Je suis revenu à Adana. Nous avons prouvé avec des documents que la personne qui prétendait ne pas avoir été payée pour son travail avait été payée très correctement. Il avait obtenu un appel d'offres. Nous lui avons dit qu'il n'y aurait plus d'appels d'offres pour lui. Des maires comme moi, dans des situations similaires, sont en poste, alors que moi j'étais à l'intérieur. C'était une injustice. Nous l'avions souligné. Je ne dis pas cela pour critiquer cette attitude, mais pour dénoncer une injustice. Sinon, je n'ai aucun problème avec le fait que quelqu'un soit en prison ou dehors. Nous ne devons pas perdre foi en la justice. Finalement, ma libération, bien que tardive, est une bonne chose.
Tous mes amis se sont réjouis. Ma libération a été un espoir pour nos amis restés à l'intérieur. Aucun d'entre nous ne craint d'être jugé. Cependant, le jugement en liberté devrait être la règle. Je suis quelqu'un qui s'est dénoncé deux fois au parquet.
Adana a été magnifique. Comme dans aucune autre province, ils ont soutenu leurs aînés, leurs frères et leurs maires dès le premier jour de ma garde à vue. Quand je suis arrivé à Adana, les gens étaient prêts à s'entredéchirer. Malgré l'heure tardive, 3h30 du matin, et le froid, il y avait des milliers de personnes à l'aéroport.
Ensuite, nous sommes allés à la commémoration des personnes ayant perdu la vie lors du séisme. Ils ont montré à toute la Turquie comment on soutient un homme qui a consacré sa vie à Adana et qui y est attaché, y compris par la marche de nos jeunes. C'est pourquoi je les remercie tous individuellement.
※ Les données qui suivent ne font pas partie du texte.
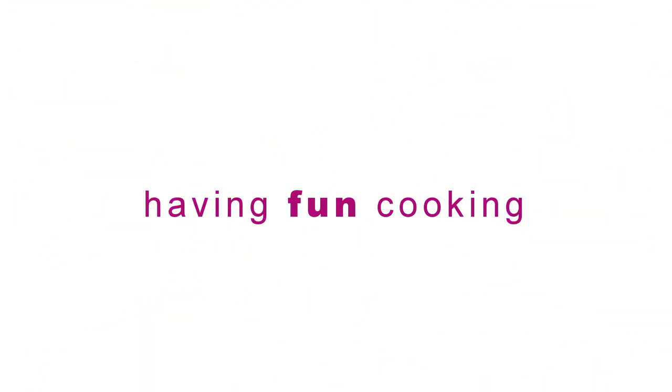Hello and welcome to Food Tech 101. Today we're going to make sausage rolls.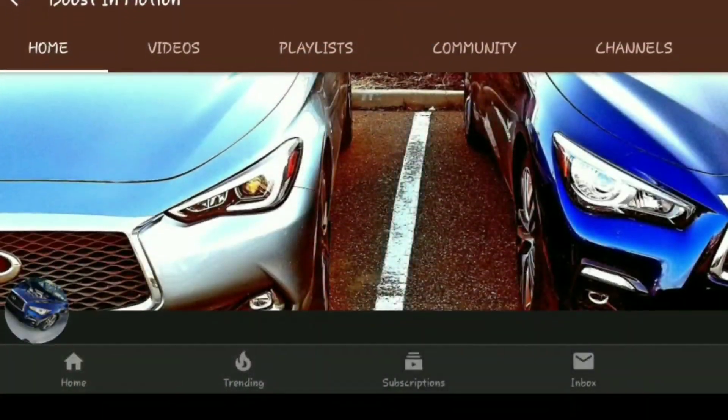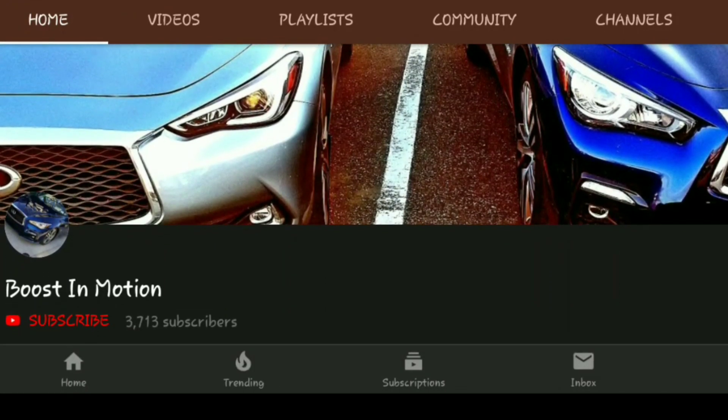Welcome everybody back to Boost in Motion. Today I'm gonna be racing my boy's S6. If you guys are new to the channel, please hit that subscribe button with the bell notification. I make a lot of videos on DIYs for the Q50/Q60 community, but I also like to do one-offs like this where I do comparisons with my JB4 Q50 versus a stock S6.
J'étais à la maison à 6h00 du matin. J'étais déjà debout à 8h00. Aujourd'hui, je vais assister à des funérailles. Mon beau-frère est décédé pendant que j'étais en prison. Je vais rendre visite à ma sœur. Il y a une marche pour le séisme ce soir. J'y participerai. Ensuite, je rentrerai un peu plus tôt à la maison. Les enfants sont tous ici.
"JE DOIS REPRENDRE MON POSTE"
Le ministère de l'Intérieur peut prolonger la période de suspension tous les deux mois en raison de la détention. La détention étant levée, je dois automatiquement reprendre mon poste. Mais je ne sais pas s'ils feront autre chose.
Je veux reprendre mes fonctions avec une grande excitation et servir Adana. Bien sûr, j'ai des dossiers en suspens. Notre ami que nous avions nommé par intérim, Güngör, gérait les affaires en dialogue. Mais au final, je suis maire depuis 12 ans. J'avais mis en place l'organisation, d'où viendrait l'argent pour un projet, comment cela serait réglé, etc. Comme vous le savez, j'étais également président de l'Union des municipalités de Turquie. Je pense que cela devrait aussi se régler une fois que je serai réintégré. Mais comme il s'agit d'un poste électif, je ne connais pas exactement la procédure."